Intermediate stages will be the 15th and 16th Five-Year Plans, through which Beijing aims to achieve ‘socialist modernisation,’ becoming a technological, educational, and economic superpower with the largest GDP. Thus, the struggle for global leadership between the United States and the People’s Republic of China will continue,” concluded Baidarov.

In turn, Georgian political scientist, Doctor of Military and Political Sciences, Professor and Orientalist Vakhtang Maisaia stressed that Donald Trump’s visit to China had been planned long ago and is not formally connected to current developments in the Middle East. However, it is quite clear that the agenda of the meeting will inevitably go beyond protocol matters and will touch upon sensitive international issues.

“I believe the Middle East will be the primary topic of discussion, as the United States has accumulated certain questions for China, including regarding possible Chinese assistance to Iran—both in terms of arms supplies and the transfer of intelligence and technical information. In essence, this concerns the possibility that such support may have increased the effectiveness of Iran’s air defence and missile defence systems in countering Israeli and US forces,” he noted.

The expert also drew attention to the broader strategic context in which US–China rivalry is developing, shifting from a regional agenda to global military competition:

“In the US strategy, Donald Trump has directly identified China as a de facto military rival, if not a military adversary of the United States. This creates a completely different level of tension and, of course, additional points of friction that will also be discussed during the visit. Moreover, we can already speak about an emerging strategic arms race between the US and China, including competition in the lunar programme and space exploration from both military and geostrategic perspectives.”

At the same time, the expert highlighted the paradoxical nature of relations between the two powers, where confrontation coexists with deep interdependence:

“The United States is to a certain extent dependent on China, especially in terms of rare earth metal supplies, as well as within the framework of overall trade turnover, which remains extremely high. Roughly speaking, a significant share of Chinese exports—around 40%—is directed to the US market. Thus, an interesting situation emerges: in geostrategic and geopolitical terms, Washington and Beijing act as rivals, but in geo-economic and foreign trade dimensions there are far more points of convergence than disagreements.”

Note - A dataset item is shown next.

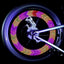 1PC Bike Spoke Light Mini LED Bicycle Wheel Decorative Tire Valve Caps Lamp Cycling Warning Lights LED Bicycle Wheel Lights Neon Flashing Lamp Glow In The Dark Cool Safe Accessories - Korvel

According to the political scientist, it is precisely this contradiction that will push Washington toward a more flexible approach, meaning the White House will seek to combine pressure and dialogue.

“I think Donald Trump will try to strike a balance in relations with China and is likely to choose the same strategy he applied during his first presidency in relation to North Korea and Kim Jong-un. This is a flexible policy: on the one hand, latent military pressure, and on the other, active use of diplomatic tools in order to prevent China from becoming a fully-fledged, de facto hostile adversary of the United States. It will be a reactive strategy focused on finding common ground and minimising the risks of direct confrontation,” he noted.

In conclusion, the professor outlined in more detail the range of issues that, in his view, will become central in the talks between the leaders of the two countries.

“During the negotiations, key issues will undoubtedly be raised: first of all, the Taiwan question as the main point of tension; secondly, the containment of North Korea as a nuclear state, so that this factor does not evolve into a kind of ‘Iranisation’ in the context of regional security in the Asia-Pacific region. I also believe that the parties will discuss the development of common approaches toward Russia, as this issue remains an important element of global politics.

And, what is particularly interesting, it is not excluded that Trump may propose to China a format of joint space programmes, for example, Mars exploration—similar to the ‘Soyuz–Apollo’ project implemented during the Cold War under Richard Nixon. In my view, these will be the core topics of the negotiations, and it remains to be seen how China will respond to such initiatives and what form the reception of Trump in Beijing will take,” concluded Maisaia.